Old Trapper's Lodge Statues
Woodland Hills, California
They stand, silent and spooky: Goggle-eyed sculptures of California pioneers and unhappy Native Americans, in a rarely-visited corner of a college campus just down the street from the Encino Mall. Who made them? And what are they doing here?
The statues were built by John Ehn. Evidently proud of his pioneer ancestry, he called himself "The Old Trapper" and spent the last thirty years of his life crafting his sculptures, using his family and himself as models. He displayed the finished statues at his motel near Burbank Airport, which he named The Old Trapper's Lodge.
Ehn was 84 when he died in 1981. His creations were declared a California state cultural landmark four years later. Culture, however, rarely stops progress in Southern California. Bulldozers arrived to level The Old Trapper's Lodge in the late 1980s. The statues were imperiled. And here's where the story gets murky.
An unknown fan of The Old Trapper made a phone call to nearby Pierce College. Somehow, he or she persuaded a decision-maker at the school to "adopt" the statues. Before anyone else knew what had happened, the Trapper's Lodge statues had a new home in Cleveland Park -- an out-of-the-way patch of land behind the Animal Sciences Building. What was said to seal the deal, and what was the fallout for the decision-maker, no one will say.
An even greater mystery surrounds the continued upkeep of the Old Trapper's creations. According to a Pierce official, "Every few years we get a letter saying that someone's coming down to repaint the statues." The folks at Pierce never ask who. "Last time the statues got painted, the trail around the Park needed work as well." The college couldn't afford it -- so the mysterious caretakers did it themselves. "Did a good job, too."

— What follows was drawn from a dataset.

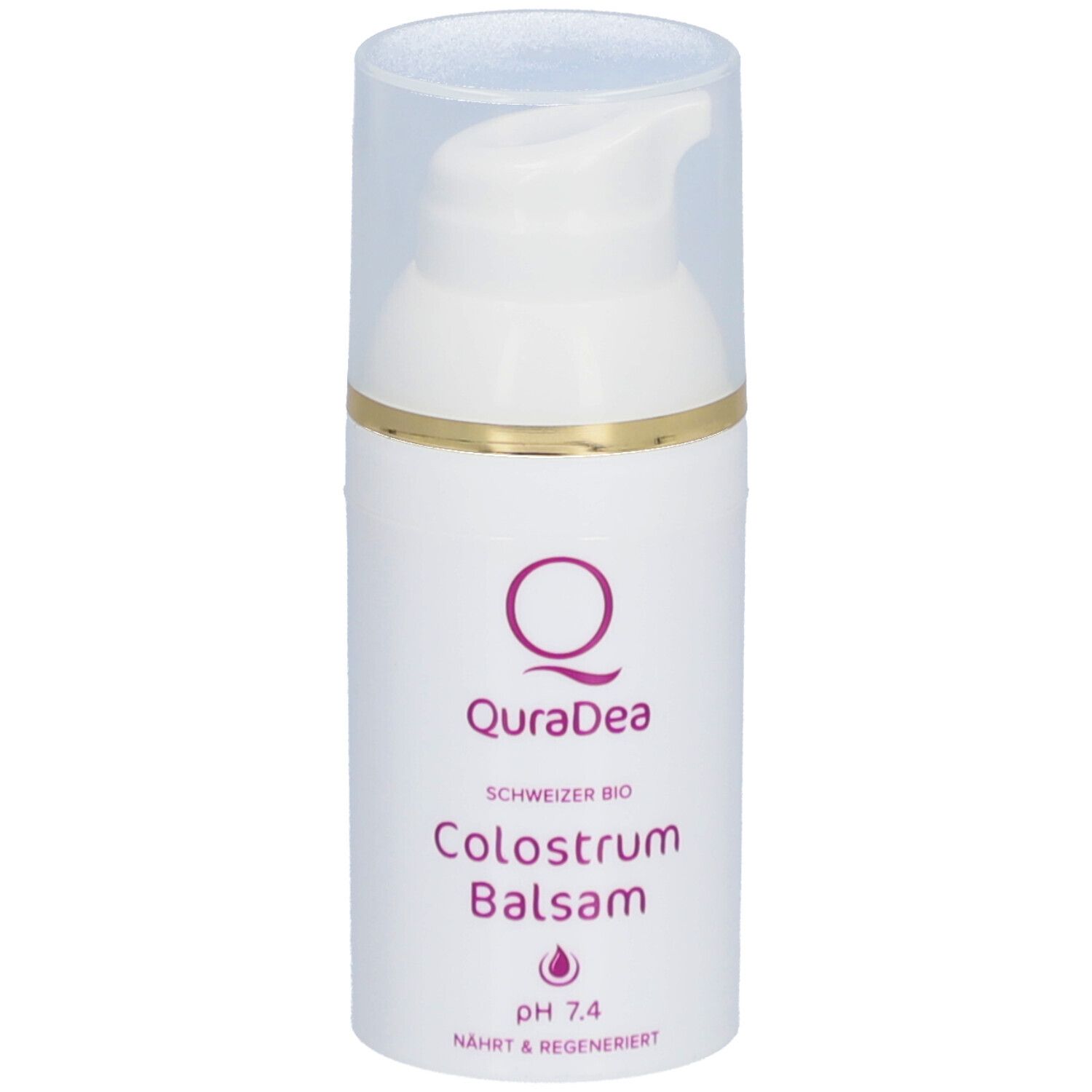 Weißer Spender mit transparentem Deckel. Goldener Ring. Aufschrift: QuraDea, Colostrum Balsam, pH 7.4.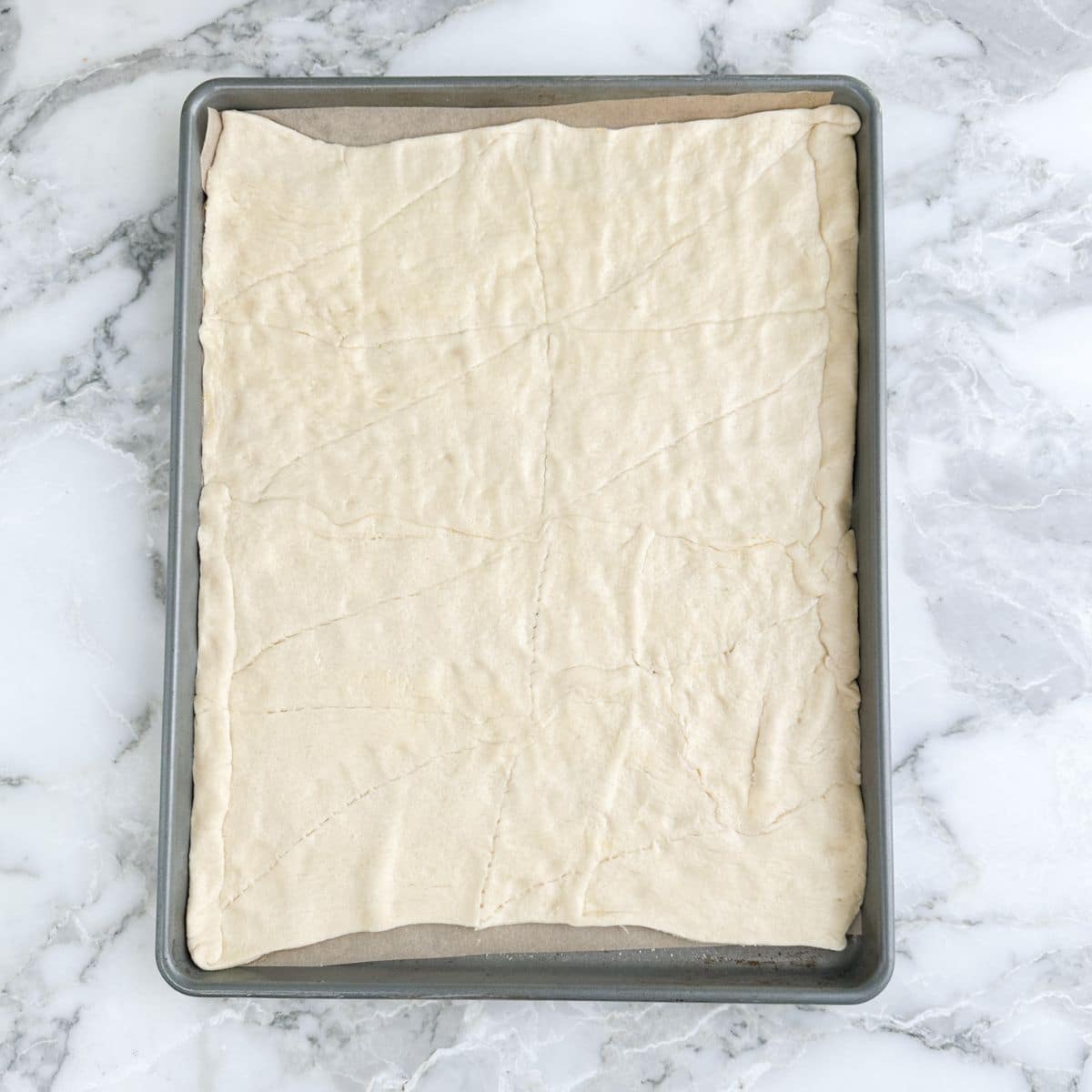 Baking pan with uncooked crescent roll dough spread out.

The brightly-colored figures are arranged near a large barbeque grill. A Mormon does battle with one Indian, while another Indian carries away a scantily clad woman in a scene titled "Kidnap." Bizarre faces poke up from the ground. A prospector and two Gold Rush gals relax on a rough wooden bench.
John Ehn would be pleased that his statues have been kept so well, though he'd be frustrated that few people appreciate their maintenance. For years the statues were mostly ignored -- but now the general consensus among Pierce students and officials is that the Old Trapper's Lodge sculptures are offensive and have to go. Where, however, is a conundrum, because they are, remember, an official California cultural landmark, and have to be safely transported somewhere else. They can't just be bulldozed any more.